Item 5.   Other Events and Regulation FD Disclosure.

          Based upon a recommendation of the Compensation Committee (the “Committee) of the Board of Directors and the unanimous approval of the independent and disinterested members of the Board of Directors (the “Board”), Mercury Air Group, Inc. (the “Company” or “Mercury”) authorized the Company to enter into employment agreements or amended employment agreements with six key executive officers for the purpose of setting forth the terms and conditions of employment and to provide long term incentives to such officers to induce their continued services consistent with past practice of Mercury. In connection with the Board’s approval, the Board considered independent third party surveys regarding executive compensation and other data relevant to the terms of the employment agreements, including past compensation programs of the Company.

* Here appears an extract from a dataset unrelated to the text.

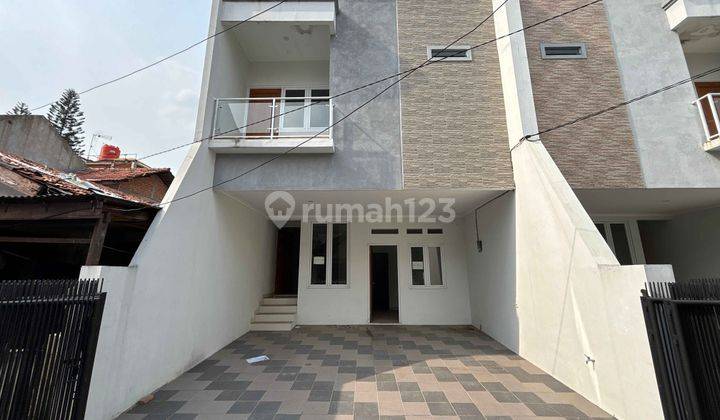 Rumah Brand New 2 Lantai di Tebet Timur 1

          On May 22, 2002, Mercury entered into employment agreements with Wayne Lovett, Executive Vice President, General Counsel and Secretary of Mercury, Mark Coleman, Chief Operating Officer of Mercury Air Cargo, John Enticknap, Executive Vice President of Mercury and Vice President and Chief Operating Officer of Mercury Air Centers, Robert Schlax, Vice President of Finance of Mercury, and Steve Antonoff, Vice President of Human Resources of Mercury. Under the employment agreements, each of the five officers will be employed by the Company at their present positions for a three year period, subject to certain extension and termination provisions. The five officers will receive annual salaries of $179,000, $170,000, $181,500, $170,000, and $116,600 respectively. The Company also entered into an amended employment agreement with Joseph Czyzyk, the President and Chief Executive. The employment agreements are attached. The employment agreements also allow the officers to participate in the 2002 Management Stock Purchase Plan (the “Plan”). Under the Plan, each officer may purchase up to a set amount of stock from CFK Partners, that amount being 31,896, 25,000, 30,000, 25,000, 25,000 and 387,650 for Messrs. Lovett, Coleman, Enticknap, Schlax, Antonoff and Czyzyk respectively, at $7.50 per share. Pursuant to the terms and conditions set forth in the respective employment agreements, Mercury, in connection with such officers’ employment services, will provide advances to purchase the Mercury stock. The terms and conditions of employment and the compensation are more fully set forth in the employment agreements attached.

Item 7.   Financial Statements and Exhibits.
     
  (a) Financial statements of business acquired.
 
    Not applicable.
 
  (b) Pro Forma financial information.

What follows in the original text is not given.